Using computational fluid dynamics, the researchers identified the parameters in the hydrodynamic model. Then they developed a force measurement platform to obtain the force generated by the RobDact vehicle. With this process, they could obtain both the disturbing force and the force generated by the RobDact in any complex environment. “This could help us have a better understanding of the underwater vehicle’s motion state, and control the underwater vehicle more accurately,” said Qiyuan Cao, a researcher at the Institute of Automation, Chinese Academy of Sciences.

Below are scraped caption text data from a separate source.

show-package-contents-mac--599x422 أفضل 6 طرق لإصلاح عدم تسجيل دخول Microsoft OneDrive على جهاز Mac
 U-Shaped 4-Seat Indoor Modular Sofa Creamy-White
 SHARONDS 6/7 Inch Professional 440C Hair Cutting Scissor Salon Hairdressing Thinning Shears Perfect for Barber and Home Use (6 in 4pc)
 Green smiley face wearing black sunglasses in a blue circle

With their experiment, the team was able to determine the hydrodynamic force of the RobDact at different speeds. The force measurement platform they developed allowed them to measure the force of RobDact in the X, Y, and Z directions. They established a mapping relationship between the RobDact fluctuation parameters and the thrust of the vehicle through their force measurement experiments. By merging the rigid body dynamic model of RobDact with the thrust mapping model, the researchers were able to develop an accurate and practical hydrodynamic model of the RobDact in varying motions.
Looking to the future, the researchers intend to study the intelligent control of bionic underwater vehicles using the hydrodynamic model in conjunction with artificial intelligence methods, such as reinforcement learning. “The ultimate goal is to promote the practical application of bionic underwater vehicles in water environment monitoring and underwater search and rescue,” said Wang.
The research team includes Qiyuan Cao and Tiandong Zhang from the Chinese Academy of Sciences, Beijing, and the University of Chinese Academy of Sciences; Rui Wang and Yu Wang from the Chinese Academy of Sciences, Beijing; and Shuo Wang from the Chinese Academy of Sciences, Beijing; the University of Chinese Academy of Sciences, and the Chinese Academy of Sciences, Shanghai.
The research is funded by the Beijing Natural Science Foundation, Beijing Nova Program, National Natural Science Foundation of China, Youth Innovation Promotion Association (Chinese Academy of Sciences), and the Young Elite Scientist Sponsorship Program (China, Association for Science and Technology).